The Federal Trade Commission has an obligation to the general public, its stated mission of consumer education, and to the overregulated franchise industry and small business operators running Biz Ops to separate the two business models by way of legal definition. . Any failure to fully separate them will trigger additional problems down the road and will cause the current ongoing rule review process to continue, without any formalization for decades.

This, of course, is good for the lawyers who make money off these ambiguities for lawsuits and great for tenure and Federal Trade Commission job security. Some also realize that it could allow for additional travel budgets from government employees during these taxpayer money rulemaking processes. It would also lead to more wait time, “let’s think about this,” coffee breaks on several floors of the Federal Trade Commission’s fully furnished 1970s desk-style environment. However, it is not good for consumers or the industry and creates an uneven playing field on the one hand and complex barriers to entry for start-ups with regional dominance and efficiencies, which lend themselves well to the franchise business model on the other. the other. This is because Biz Op MLM marketers pretend that they are similar to franchise businesses, by using terms like ‘Private Franchise’ in their presentation.

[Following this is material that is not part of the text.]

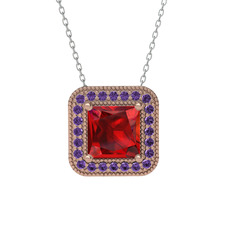Esinti Kare Kolye - Garnet ve ametist 18 ayar rose altın kolye (40 cm beyaz altın rolo zincir) #w056n4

These MLM businesses are being sold in coffee shops and public presentations, which would send shivers down the spine of any actual franchise executive or franchisor. So what is a real franchisor? What is the private franchise? What is a Business Opportunity? What is an MLM business? What is a hybrid or cross of any of these combinations? How the heck, in layman’s terms, can the Federal Trade Commission explain this to us, so that we can explain the differences to consumers when asked? Where on the Federal Trade Commission website is there a place that describes all of them and the possible variations? Due to the introduction of the term “Private Franchise” in the interval between the 1999 comments and the 2004 evaluations of potential definition revisions by the Federal Trade Commission, it appears that the real-world definition landscape is hyperspacing the Franchise rule definition updates on the wonderful world of bureaucracy. We should not fool ourselves into thinking that the latest FTC report or any subsequent changes will change anything in the actual market in terms of the amount of; Non-existent fraud events in franchises. The number of franchise fraud cases is basically nil according to the Federal Trade Commission’s own statements to Congress. However, the MLM crowd is being manipulated for not using the word franchise and that misrepresentation is hurting consumers. Think about it.